GR L 4191; (July, 1908) (Digest)
FACTS:
G.R. No. L-4191: THE UNITED STATES vs. LOUIS A. DOWDELL, JR., AND WILSON W. HARN
July 18, 1908
Louis A. Dowdell, Jr., a supply officer for the Province of Samar, and Wilson W. Harn, his subordinate, both officers of the Philippines Constabulary, were charged with malversation of public moneys along with a friend, McIlvane, who was visiting Harn.
On January 12, 1907, Dowdell, having been relieved of his duties, reported that his office safe, containing approximately P6,000 in paper money and P3,000-P4,000 in coins, had disappeared. Days later, at McIlvane’s instance, the safe was recovered from the bay, containing only 40 centavos. However, a sum of P9,971.26 in paper and silver money was subsequently found hidden in various places on Harn’s premises and turned over to the Government.

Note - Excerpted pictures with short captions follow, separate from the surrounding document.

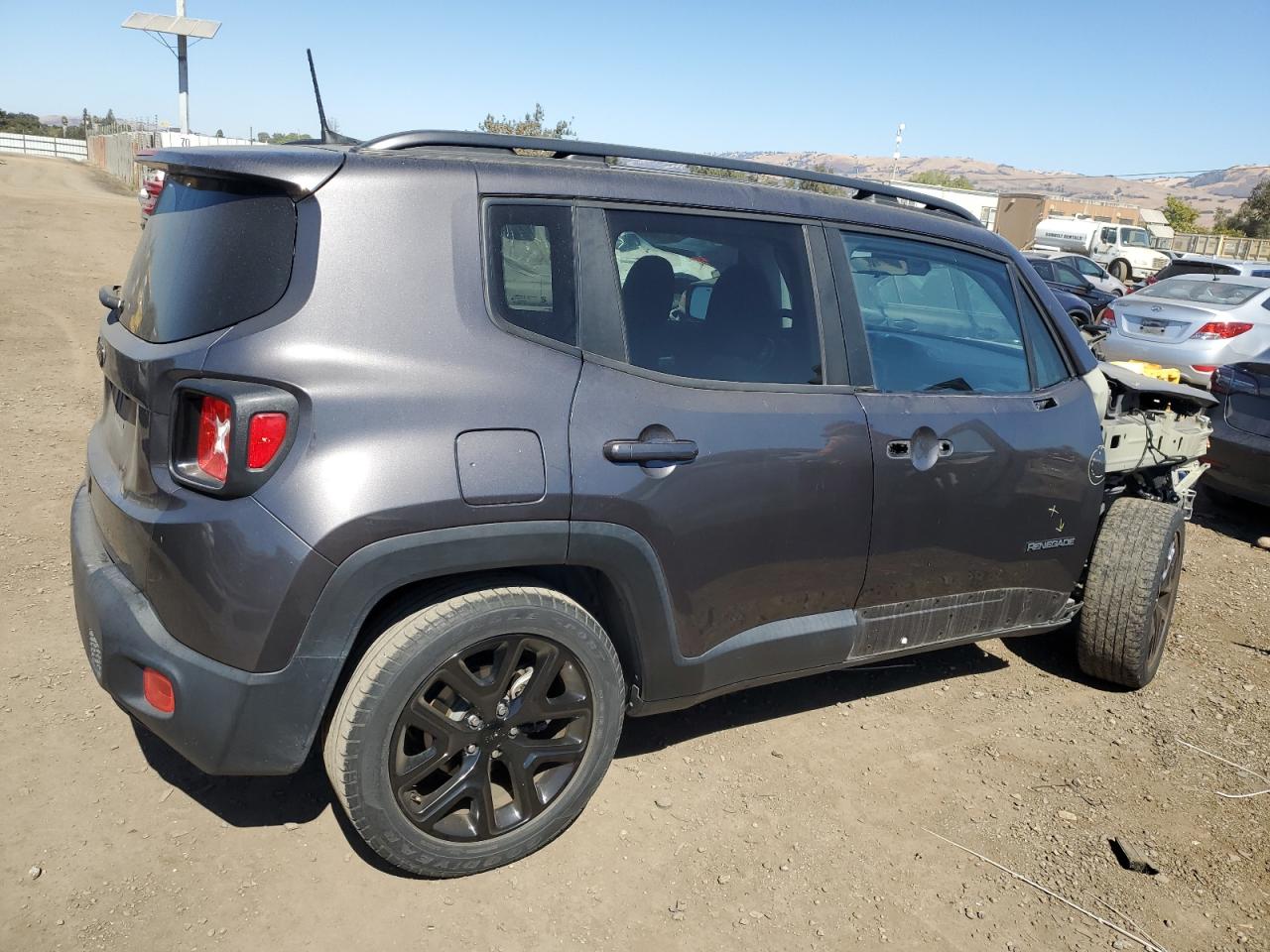2018 Jeep Renegade VIN ZACCJABB0JPH25804 Copart auction photo, front end damage thumbnail 3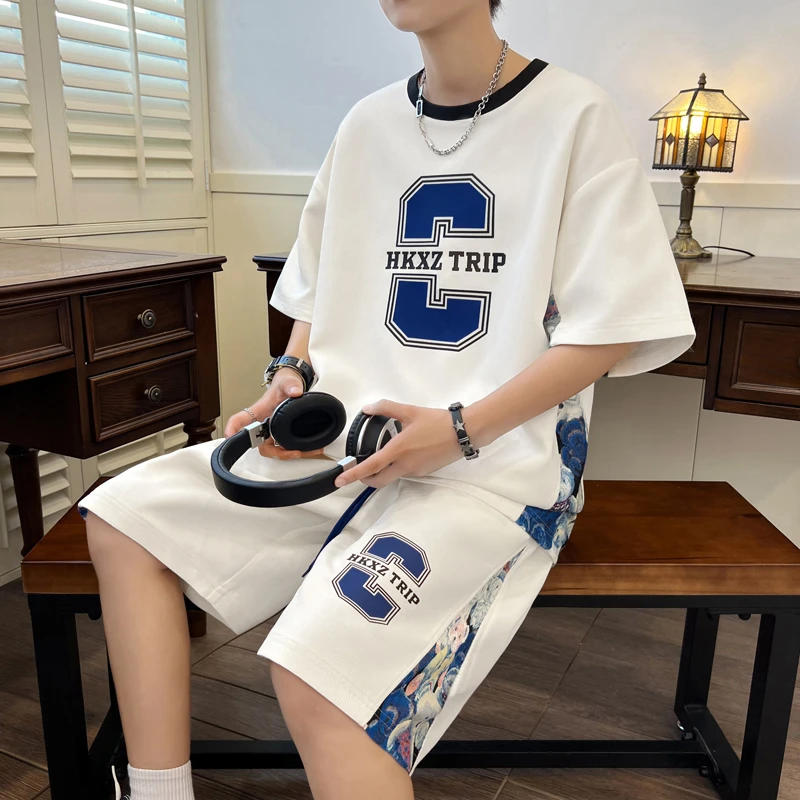 青少年夏季阔版套装男生短袖T恤短裤两件套休闲运动搭配一套衣服
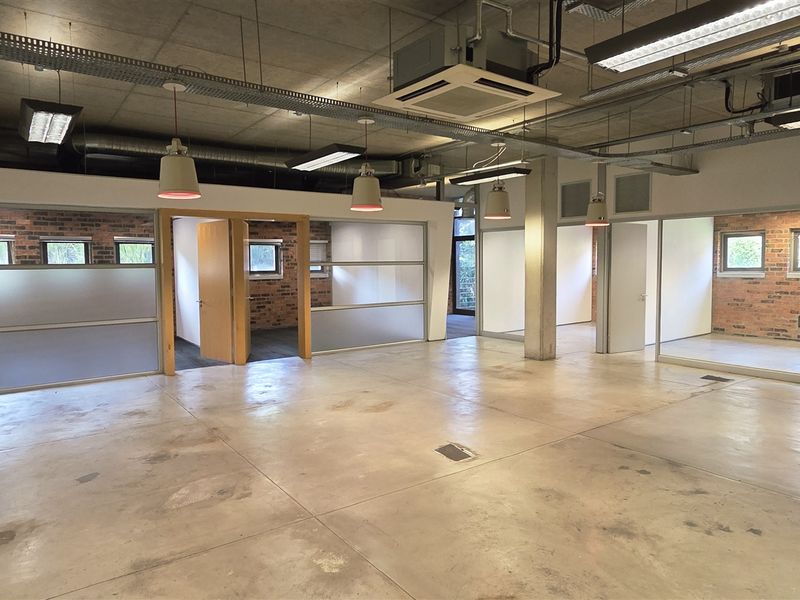 Ultra-Modern Office space to let in 4 Karen Street - Photo 5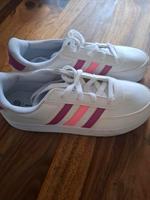 Schuhe/adidas Hessen - Schotten Vorschau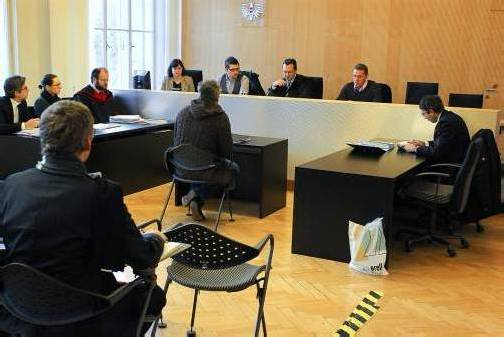 Der 48-jährige Angeklagte hat sich teilweise schuldig bekannt. Täuschen oder schädigen wollte er aber niemanden, wie er sagte. Fotos: VN/Hofmeister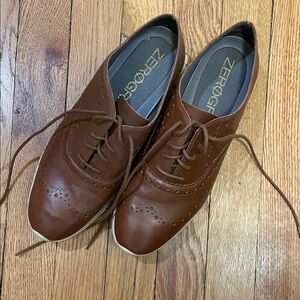 Cole Haan Brown Oxford shoes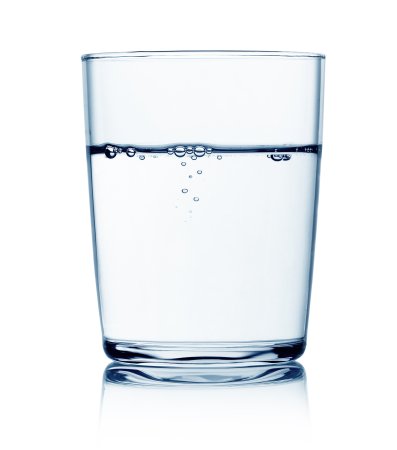 Прозрачная вода в стакане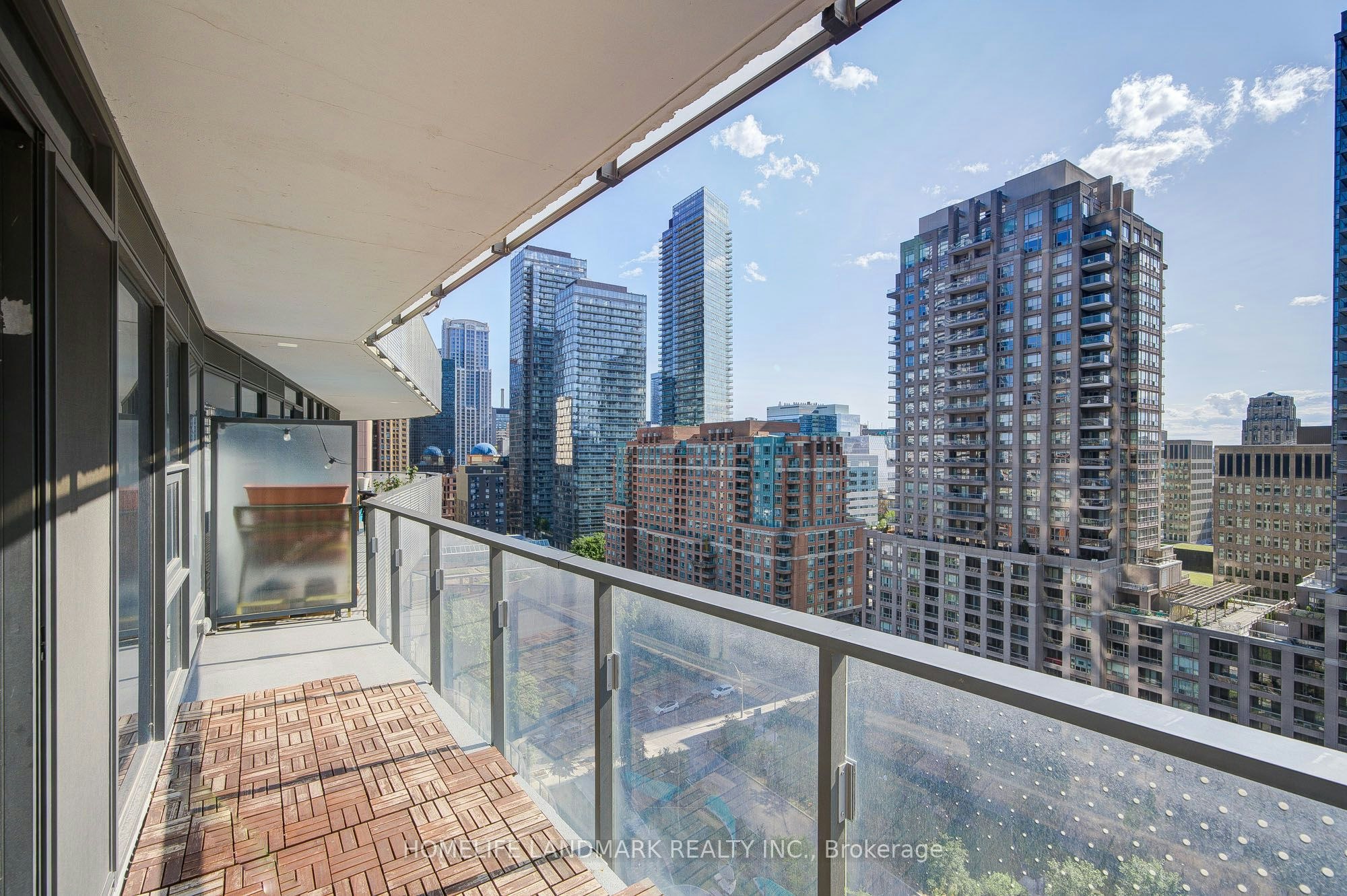 1106-11 Wellesley Street W, Toronto, ON, M4Y 0G4 - 26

Evidence showed that in the week preceding January 12, the three men had been drinking together. Dowdell had suggested his “safe and accounts were in the bay.” Over several days, money (both paper and silver) was moved from Dowdell’s office to Harn’s house. On the evening of January 12, the three men proceeded to the Constabulary office, where Dowdell and McIlvane lowered the safe into a boat and threw it into the bay.
All three were found guilty in separate trials. Dowdell and Harn were sentenced to six years and one day of imprisonment, while McIlvane, as an accomplice, received four months. Dowdell and Harn appealed their conviction.
On appeal, the defense raised procedural questions, alleging that the record failed to show the accused were present throughout the trial, arraigned, or had pleaded. The defense also contended that the recovery of the money should qualify the malversation. The Attorney-General sought to increase the penalty due to the offense being committed at night, while the trial judge had considered drunkenness as an extenuating circumstance.
ISSUE:
1. Did procedural defects (lack of record of presence, arraignment, or plea) invalidate the trial court’s proceedings?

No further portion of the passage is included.